As a parent of a swimmer many years ago, I know the feeling of despair when things were not going as well as I would have liked.  I know the feeling of wanting to challenge the coach on one issue or another.  What’s a parent to do when you think the program isn’t meeting the needs of your child?


Time out.  Let’s review that last sentence again:  “What’s a parent to do when YOU think the program isn’t meeting the needs of your child?”  Perhaps the child is fine!  If the child is happy and improving, then “Life is Good.”  Let it go.  It’s not about YOUR goals for the child – it is about their feeling of happiness and their own individual pace of progress.  However, if the child is not happy then see below.


Time in.  Here are some strategies for resolving conflicts with the coach:

1.    Don’t use email to discuss an issue.  Tone is often misread in email.    Even using the telephone is problematic when it comes to solving issues.  The old fashioned method of face to face communication is still the best.

2.    Don’t take your issue to other parents or the Board first.  Take your concerns direct to the coach.

3.    Don’t “bushwack” the coach with a sudden and emotional approach.  Calm the emotion first, let rational thinking prevail.  Ask the coach for an opportunity to discuss your child’s progress.  Set an appointment. 

4.    Consider the setting for a meeting.  On the deck during practice is definitely out.  Before practice can be difficult for the coach as he or she prepares for the workout.  After practice is better but there may be too many people around and too many distractions.  It would be better to use after practice time to approach the coach to set up an appointment time.  A quiet setting apart from others is best.

5.    When meeting with the coach first state your concern succinctly and unemotionally.  Then immediately ask an open-ended question rather than simply demanding a certain action.  An open ended question invites a discussion and paves the way to understanding rather than challenging.  For example, “I am concerned that John isn’t getting enough work in the group he is in.  How do you feel about that?” 

6.    As Steven Covey emphasized in his Seven Habits of Highly Effective People, “seek first to understand.” Make it your goal to fully understand the coach’s reasoning for doing something the way he or she is doing it before you make a demand.  The coach has a lot of experience and a good long term view of the child’s needs.  It is fair, appropriate, and recommended that you ask the coach for his plans for your child.  It is also fair, appropriate, and recommended that you ask the coach for his critical evaluation of your child’s progress.

7.    If you are not happy with the coach’s initial responses, ask “what if” or “would you consider” questions, for example, “Would you consider having John come to one workout a week with the higher group to see how he handles the work?”

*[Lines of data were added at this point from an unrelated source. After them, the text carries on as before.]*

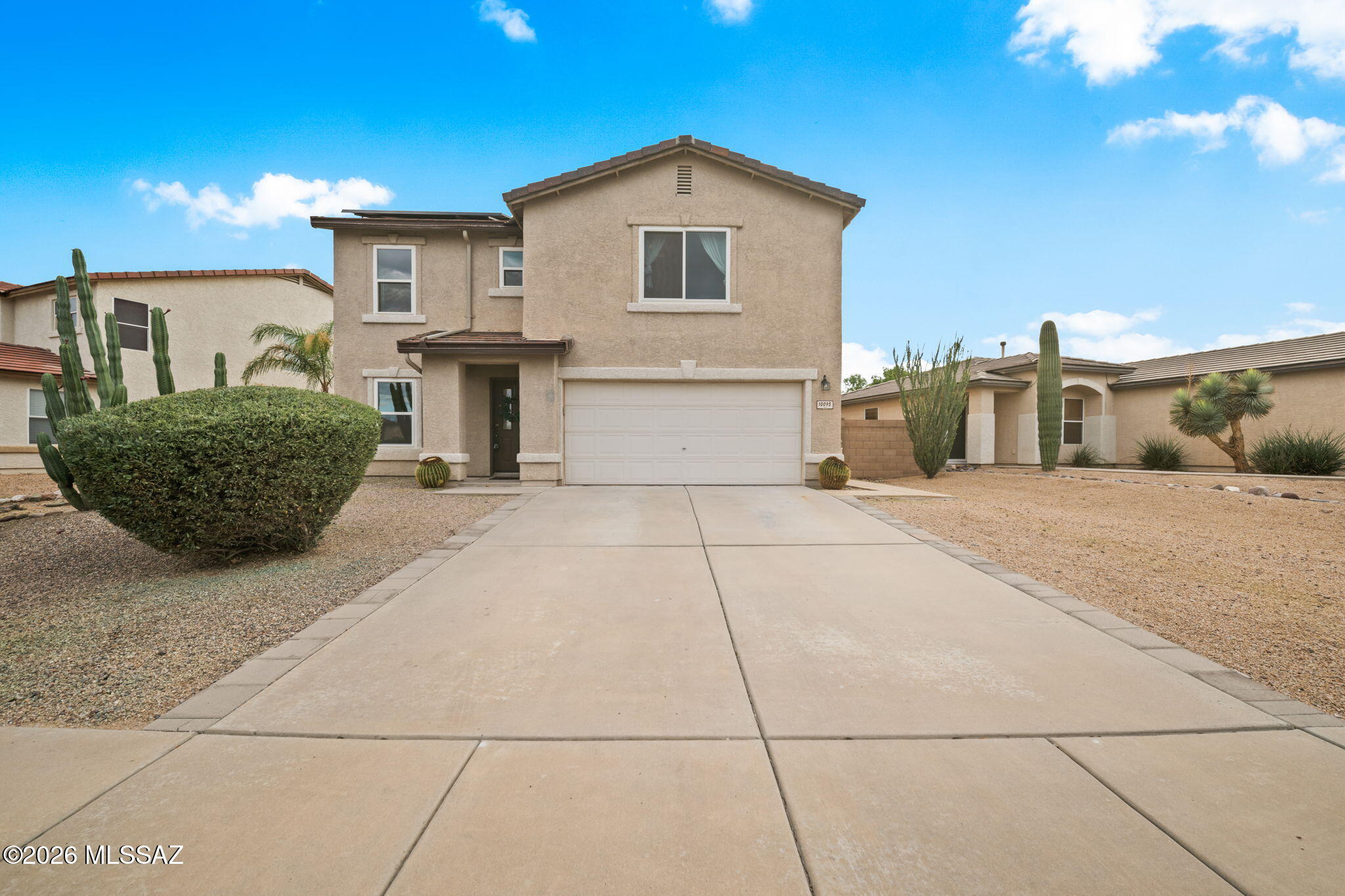 Seller will accept or counter offers between $475,000-$500,000. Welcome to this spacious Continental Ranch home offering 4 bedrooms, 2.5 bathrooms, leased solar, and your own backyard pool! A formal living and dining area, separate family room, and generous upstairs loft provide plenty of room to relax and entertain, with flexible space for a home office, hobbies, or play. The bright kitchen features white cabinetry, contrasting hardware, a tile backsplash, and a large center island with abundant workspace and storage. Opening to the family room, this comfortable gathering space keeps everyone connected. Wood-look flooring downstairs adds warmth, while all four bedrooms feature walk-in closets for convenient storage. Outside, enjoy a refreshing swim or unwind beneath the covered patio. The spacious backyard offers room to add your personal touches and create your ideal outdoor retreat. A two-car garage completes the home. Conveniently located near shopping, dining, Tucson Premium Outlets, and I-10, this home combines comfortable living with easy access to everyday essentials.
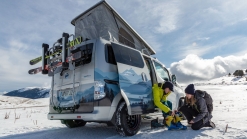 Nissan e-NV200 Winter Camper Concept is a green pop-top camper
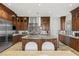 Gourmet kitchen featuring stainless steel appliances, custom cabinetry, and granite countertops at 2436 Grassy Spring Pl, Las Vegas, NV 89135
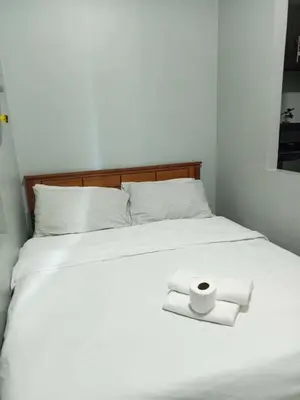 a white bed with two rolls of toilet paper on it at Stamford Executive Residences, McKinley Hill in Manila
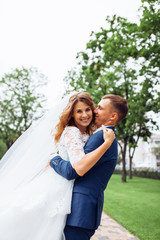 Fototapeta premium beautiful young wedding couple in nature, couple in love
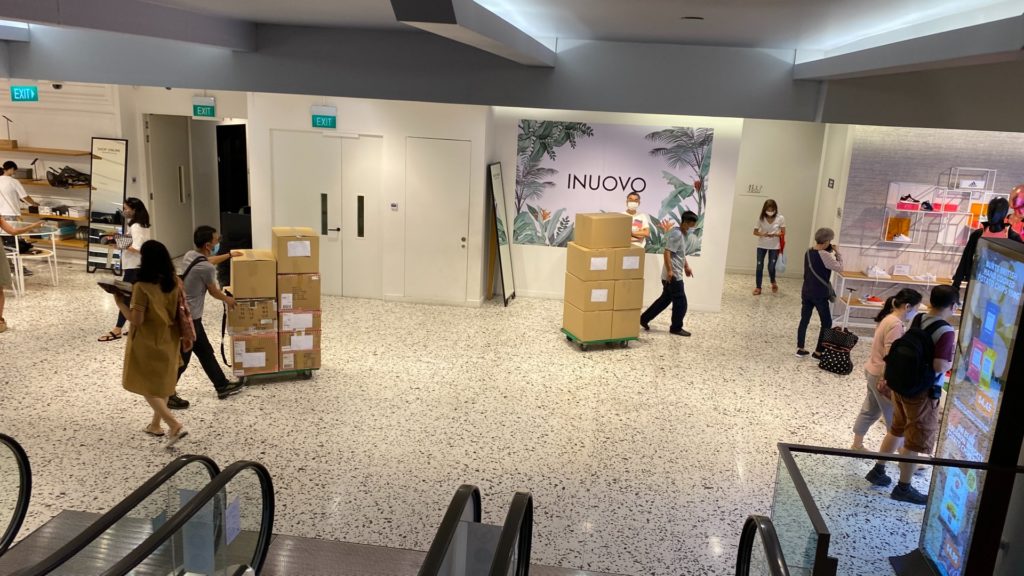 Staff wheeling boxes of goods into the storage area at the back of the store at The Heeren outlet. Photo: Coconuts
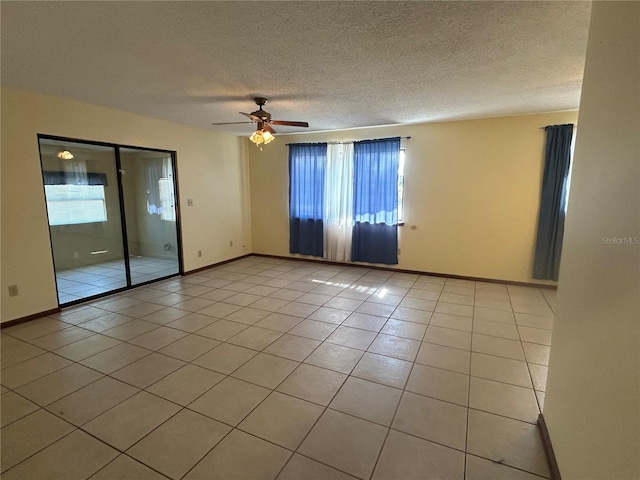 tiled empty room featuring a textured ceiling, ceiling fan, and plenty of natural light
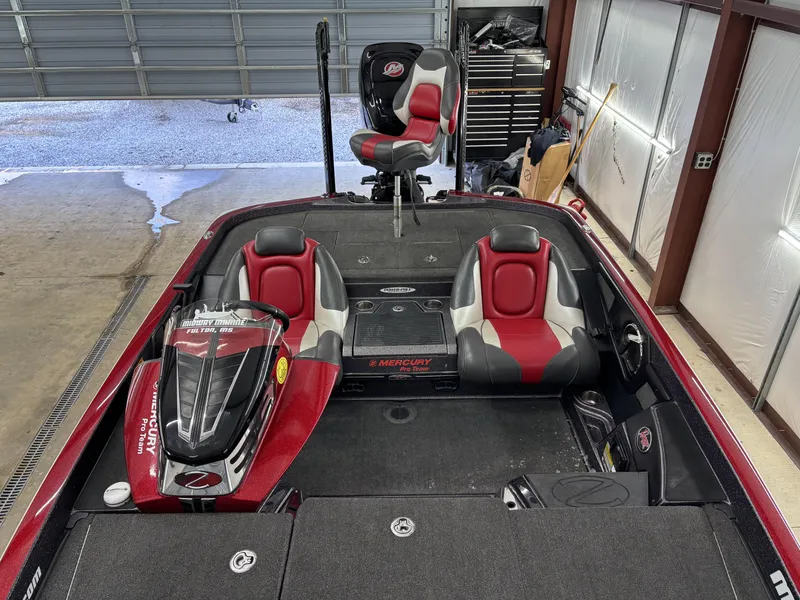 Slide: The Image of 2018 Ranger Z518c bass boat interior with red and black seating in a garage. - 18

8.    If you are not happy with the responses from the coach then more difficult choices come into play.  If it is a technical issue having to do with technique or training or the career development of the athlete then most likely the coach has contractually been given the authority by the Board of Directors to make those decisions.  If the program is not meeting your perceived needs for your child then there is a mismatch between your expectations and what is being offered and it is time to look for another program.  Sorry, but sometimes it’s best to go somewhere else that matches up with your expectations.

9.    If it is not a technical issue, but something having to do with the coach’s style or relationship with your athlete, or some other behavior you are displeased with, and if you are not able to resolve the issue with the coach directly, then the appropriate action is to approach the president of the Board.  Follow the chain of command.  Let the BOD manage it.  If the BOD does not recognize it as an issue, see number 7 above.


Hopefully, a direct meeting with the coach with the attitude of “forming a partnership for the benefit of the child” will lead to a resolution and a long term relationship.